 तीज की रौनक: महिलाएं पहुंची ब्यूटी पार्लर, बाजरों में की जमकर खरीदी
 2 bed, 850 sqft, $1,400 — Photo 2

==*==

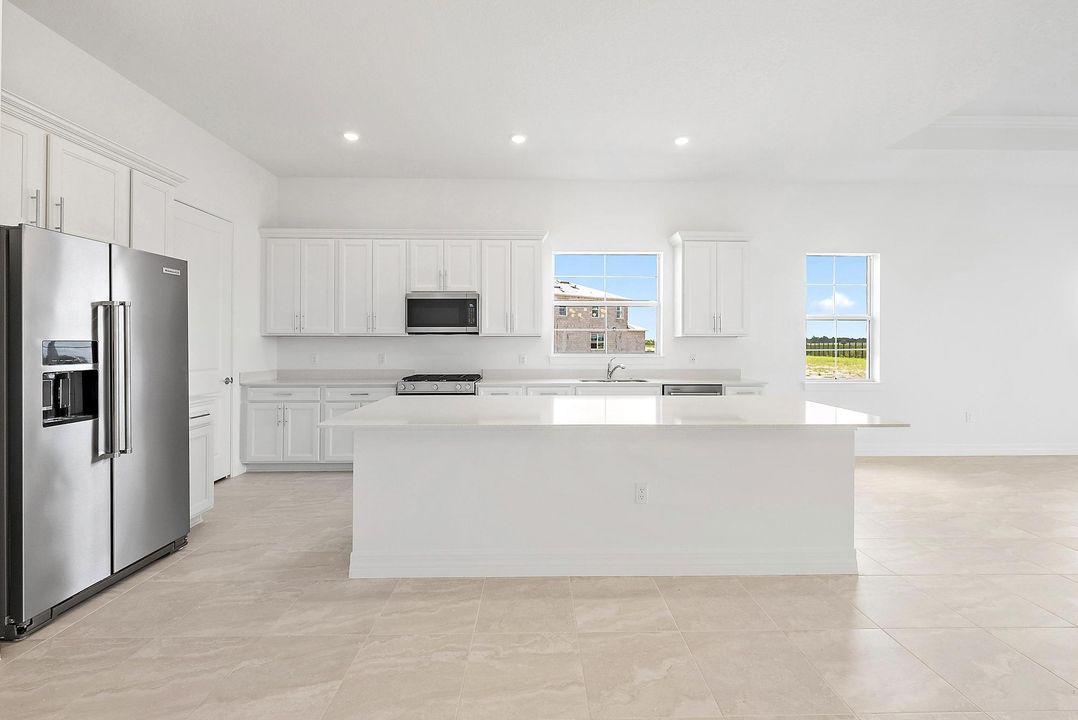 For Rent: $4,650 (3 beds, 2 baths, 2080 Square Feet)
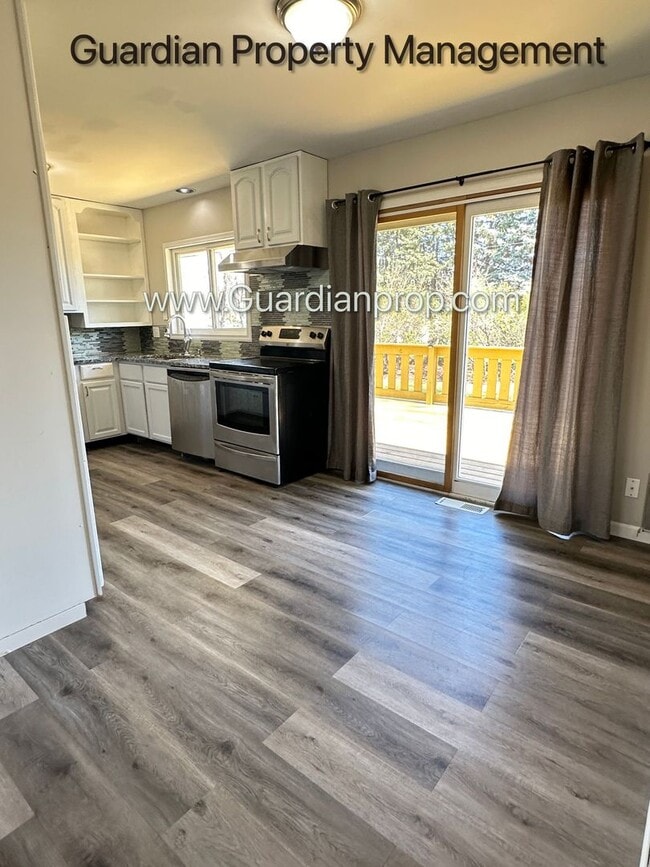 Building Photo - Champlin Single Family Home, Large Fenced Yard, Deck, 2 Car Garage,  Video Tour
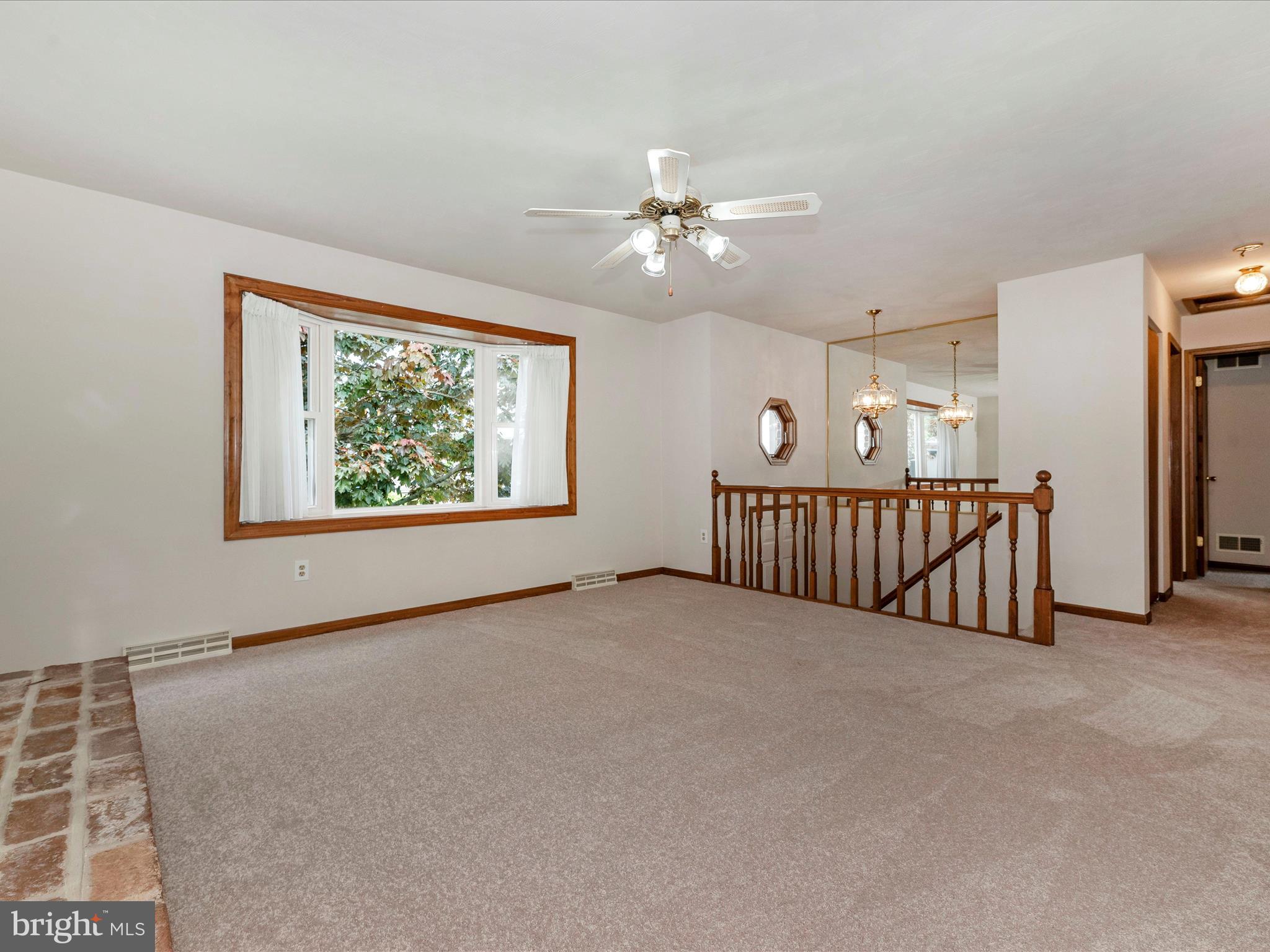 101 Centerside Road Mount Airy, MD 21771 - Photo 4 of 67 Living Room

==*==

From the listing above, restate verbatim the lines running from the one with "For Rent: $4,650" through the one with "101 Centerside Road", inclusive, but not the pictures.

**SOLUTION TO THE PROBLEM**
 For Rent: $4,650 (3 beds, 2 baths, 2080 Square Feet)
 Building Photo - Champlin Single Family Home, Large Fenced Yard, Deck, 2 Car Garage,  Video Tour
 101 Centerside Road Mount Airy, MD 21771 - Photo 4 of 67 Living Room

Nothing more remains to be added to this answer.